EXERCISE AIM: Every line from the one with "Crown & Ivy" to the one with "7.9FT Metal Garden", including those two, is to be copied exactly; all other lines of the entries below are left out.

INPUT:
Segment Open

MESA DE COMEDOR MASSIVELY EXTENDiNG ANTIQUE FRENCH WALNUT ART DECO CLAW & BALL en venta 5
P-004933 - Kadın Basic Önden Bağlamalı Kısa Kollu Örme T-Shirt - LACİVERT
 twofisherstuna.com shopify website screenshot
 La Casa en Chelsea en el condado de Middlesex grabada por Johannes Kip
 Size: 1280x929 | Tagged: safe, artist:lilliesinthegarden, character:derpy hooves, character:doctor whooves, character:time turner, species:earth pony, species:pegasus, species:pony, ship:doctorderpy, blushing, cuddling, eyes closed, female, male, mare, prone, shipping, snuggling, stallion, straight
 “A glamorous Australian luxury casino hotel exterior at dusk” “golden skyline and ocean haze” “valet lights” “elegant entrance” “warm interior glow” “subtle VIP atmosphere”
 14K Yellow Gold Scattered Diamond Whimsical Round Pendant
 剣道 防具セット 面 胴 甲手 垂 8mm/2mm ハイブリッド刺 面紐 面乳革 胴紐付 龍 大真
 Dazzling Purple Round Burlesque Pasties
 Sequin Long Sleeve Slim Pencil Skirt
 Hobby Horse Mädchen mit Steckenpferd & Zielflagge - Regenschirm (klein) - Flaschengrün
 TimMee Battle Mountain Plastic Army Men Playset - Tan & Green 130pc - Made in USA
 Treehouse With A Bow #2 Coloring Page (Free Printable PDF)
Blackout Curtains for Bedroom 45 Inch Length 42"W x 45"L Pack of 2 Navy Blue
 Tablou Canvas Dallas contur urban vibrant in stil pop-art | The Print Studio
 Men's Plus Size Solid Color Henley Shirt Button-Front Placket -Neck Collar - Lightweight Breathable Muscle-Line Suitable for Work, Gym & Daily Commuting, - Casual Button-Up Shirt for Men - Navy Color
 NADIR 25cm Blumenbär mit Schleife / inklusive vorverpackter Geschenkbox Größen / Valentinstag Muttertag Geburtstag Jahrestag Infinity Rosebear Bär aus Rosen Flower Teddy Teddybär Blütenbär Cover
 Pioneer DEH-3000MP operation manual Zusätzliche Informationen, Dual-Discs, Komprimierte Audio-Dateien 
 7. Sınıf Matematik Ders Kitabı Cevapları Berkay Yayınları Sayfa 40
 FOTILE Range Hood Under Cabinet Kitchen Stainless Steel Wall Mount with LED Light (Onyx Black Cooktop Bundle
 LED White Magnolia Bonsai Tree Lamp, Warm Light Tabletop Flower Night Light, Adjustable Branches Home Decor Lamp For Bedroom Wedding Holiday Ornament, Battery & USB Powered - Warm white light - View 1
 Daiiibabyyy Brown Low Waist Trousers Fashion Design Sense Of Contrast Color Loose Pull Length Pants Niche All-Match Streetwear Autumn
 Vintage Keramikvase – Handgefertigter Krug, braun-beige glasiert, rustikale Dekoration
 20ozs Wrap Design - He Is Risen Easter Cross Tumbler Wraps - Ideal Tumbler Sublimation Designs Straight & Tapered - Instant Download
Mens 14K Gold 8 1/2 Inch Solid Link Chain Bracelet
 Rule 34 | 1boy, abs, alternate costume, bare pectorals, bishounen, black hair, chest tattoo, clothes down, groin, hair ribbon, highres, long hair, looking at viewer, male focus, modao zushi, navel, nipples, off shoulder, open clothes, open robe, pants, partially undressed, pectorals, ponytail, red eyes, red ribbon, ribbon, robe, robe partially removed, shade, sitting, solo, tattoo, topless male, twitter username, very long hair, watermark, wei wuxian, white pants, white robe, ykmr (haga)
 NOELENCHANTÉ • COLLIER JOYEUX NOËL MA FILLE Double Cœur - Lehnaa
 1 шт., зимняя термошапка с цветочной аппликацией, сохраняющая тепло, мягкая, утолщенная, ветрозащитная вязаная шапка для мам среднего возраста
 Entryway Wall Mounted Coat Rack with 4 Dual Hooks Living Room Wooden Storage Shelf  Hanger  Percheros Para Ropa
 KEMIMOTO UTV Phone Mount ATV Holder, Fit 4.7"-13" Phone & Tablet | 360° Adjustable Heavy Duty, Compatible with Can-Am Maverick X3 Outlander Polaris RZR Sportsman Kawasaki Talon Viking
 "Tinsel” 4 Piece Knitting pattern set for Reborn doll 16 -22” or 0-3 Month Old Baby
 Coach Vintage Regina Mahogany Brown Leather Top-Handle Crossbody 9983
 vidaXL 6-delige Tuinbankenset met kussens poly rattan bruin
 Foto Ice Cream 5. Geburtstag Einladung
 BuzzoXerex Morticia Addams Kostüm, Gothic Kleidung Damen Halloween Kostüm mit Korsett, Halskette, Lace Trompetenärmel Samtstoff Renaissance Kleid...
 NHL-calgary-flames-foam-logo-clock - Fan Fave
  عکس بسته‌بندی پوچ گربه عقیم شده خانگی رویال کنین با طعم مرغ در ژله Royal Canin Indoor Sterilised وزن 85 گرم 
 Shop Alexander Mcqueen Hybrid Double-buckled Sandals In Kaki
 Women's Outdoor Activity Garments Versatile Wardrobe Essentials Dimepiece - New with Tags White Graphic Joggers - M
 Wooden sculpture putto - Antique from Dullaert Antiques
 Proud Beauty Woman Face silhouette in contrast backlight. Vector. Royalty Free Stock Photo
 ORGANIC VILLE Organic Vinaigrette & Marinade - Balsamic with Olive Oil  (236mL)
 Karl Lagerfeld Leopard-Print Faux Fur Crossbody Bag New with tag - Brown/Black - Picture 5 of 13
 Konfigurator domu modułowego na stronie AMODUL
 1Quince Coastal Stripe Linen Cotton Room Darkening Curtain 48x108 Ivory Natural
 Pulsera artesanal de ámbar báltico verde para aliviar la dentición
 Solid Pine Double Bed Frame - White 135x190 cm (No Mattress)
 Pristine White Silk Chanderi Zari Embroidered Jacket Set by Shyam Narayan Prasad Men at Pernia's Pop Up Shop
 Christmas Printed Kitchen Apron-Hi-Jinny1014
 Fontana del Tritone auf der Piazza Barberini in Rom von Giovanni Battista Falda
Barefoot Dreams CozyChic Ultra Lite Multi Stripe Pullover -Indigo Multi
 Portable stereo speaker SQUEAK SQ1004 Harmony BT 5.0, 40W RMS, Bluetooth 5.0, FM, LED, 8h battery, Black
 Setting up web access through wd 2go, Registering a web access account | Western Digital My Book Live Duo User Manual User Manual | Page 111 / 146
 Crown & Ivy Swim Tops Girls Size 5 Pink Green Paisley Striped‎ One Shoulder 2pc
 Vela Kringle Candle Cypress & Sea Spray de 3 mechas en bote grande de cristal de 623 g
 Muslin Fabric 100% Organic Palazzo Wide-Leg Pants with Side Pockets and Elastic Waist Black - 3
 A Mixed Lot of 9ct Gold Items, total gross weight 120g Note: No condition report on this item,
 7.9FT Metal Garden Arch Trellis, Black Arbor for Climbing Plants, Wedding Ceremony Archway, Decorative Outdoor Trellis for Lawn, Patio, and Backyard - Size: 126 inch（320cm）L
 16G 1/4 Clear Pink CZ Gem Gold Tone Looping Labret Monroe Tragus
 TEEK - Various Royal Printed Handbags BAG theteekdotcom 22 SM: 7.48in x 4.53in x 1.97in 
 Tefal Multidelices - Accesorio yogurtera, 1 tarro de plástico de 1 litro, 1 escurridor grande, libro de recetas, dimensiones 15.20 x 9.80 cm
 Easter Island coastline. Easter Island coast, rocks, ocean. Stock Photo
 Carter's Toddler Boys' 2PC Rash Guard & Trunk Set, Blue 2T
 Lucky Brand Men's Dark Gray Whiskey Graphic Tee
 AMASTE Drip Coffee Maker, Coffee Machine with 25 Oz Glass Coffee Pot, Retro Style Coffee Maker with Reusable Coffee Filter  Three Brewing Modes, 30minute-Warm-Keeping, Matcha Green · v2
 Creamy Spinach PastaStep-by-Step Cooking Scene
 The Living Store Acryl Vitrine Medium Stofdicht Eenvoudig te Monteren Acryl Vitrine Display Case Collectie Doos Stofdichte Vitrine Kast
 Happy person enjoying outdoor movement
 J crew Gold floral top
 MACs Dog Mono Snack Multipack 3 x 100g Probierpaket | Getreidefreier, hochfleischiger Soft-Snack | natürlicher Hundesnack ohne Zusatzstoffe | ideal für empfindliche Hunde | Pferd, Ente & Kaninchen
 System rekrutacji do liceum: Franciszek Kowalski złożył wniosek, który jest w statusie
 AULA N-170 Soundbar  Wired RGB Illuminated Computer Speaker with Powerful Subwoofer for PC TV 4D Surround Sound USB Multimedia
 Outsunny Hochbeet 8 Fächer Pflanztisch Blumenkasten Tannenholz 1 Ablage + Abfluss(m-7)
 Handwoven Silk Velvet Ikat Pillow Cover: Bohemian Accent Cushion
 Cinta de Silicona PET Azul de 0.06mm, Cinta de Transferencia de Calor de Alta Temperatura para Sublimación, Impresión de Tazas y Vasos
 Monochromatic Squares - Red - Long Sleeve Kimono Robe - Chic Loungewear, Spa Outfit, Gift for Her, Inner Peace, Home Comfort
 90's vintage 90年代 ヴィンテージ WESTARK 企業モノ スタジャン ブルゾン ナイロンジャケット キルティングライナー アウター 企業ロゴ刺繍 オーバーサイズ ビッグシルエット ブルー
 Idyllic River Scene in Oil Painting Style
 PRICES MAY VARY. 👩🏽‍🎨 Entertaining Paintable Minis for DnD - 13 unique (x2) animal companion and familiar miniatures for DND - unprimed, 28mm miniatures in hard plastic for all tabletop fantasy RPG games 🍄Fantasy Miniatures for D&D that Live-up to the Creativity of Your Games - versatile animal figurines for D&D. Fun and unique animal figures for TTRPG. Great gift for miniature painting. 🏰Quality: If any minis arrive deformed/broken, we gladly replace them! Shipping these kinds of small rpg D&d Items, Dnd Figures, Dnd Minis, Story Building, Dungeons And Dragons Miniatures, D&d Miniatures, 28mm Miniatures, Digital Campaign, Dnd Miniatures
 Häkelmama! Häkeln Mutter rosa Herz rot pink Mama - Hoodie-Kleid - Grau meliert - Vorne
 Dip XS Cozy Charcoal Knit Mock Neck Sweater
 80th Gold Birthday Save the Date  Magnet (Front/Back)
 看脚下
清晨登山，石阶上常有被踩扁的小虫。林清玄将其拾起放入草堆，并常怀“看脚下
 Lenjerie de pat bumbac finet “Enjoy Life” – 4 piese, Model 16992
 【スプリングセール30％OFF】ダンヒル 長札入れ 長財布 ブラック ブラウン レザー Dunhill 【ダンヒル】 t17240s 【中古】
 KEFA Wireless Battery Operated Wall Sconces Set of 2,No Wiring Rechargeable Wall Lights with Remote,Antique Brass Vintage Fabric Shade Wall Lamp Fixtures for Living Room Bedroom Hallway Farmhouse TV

Segment Closed

YOUR RESPONSE:
 Crown & Ivy Swim Tops Girls Size 5 Pink Green Paisley Striped‎ One Shoulder 2pc
 Vela Kringle Candle Cypress & Sea Spray de 3 mechas en bote grande de cristal de 623 g
 Muslin Fabric 100% Organic Palazzo Wide-Leg Pants with Side Pockets and Elastic Waist Black - 3
 A Mixed Lot of 9ct Gold Items, total gross weight 120g Note: No condition report on this item,
 7.9FT Metal Garden Arch Trellis, Black Arbor for Climbing Plants, Wedding Ceremony Archway, Decorative Outdoor Trellis for Lawn, Patio, and Backyard - Size: 126 inch（320cm）L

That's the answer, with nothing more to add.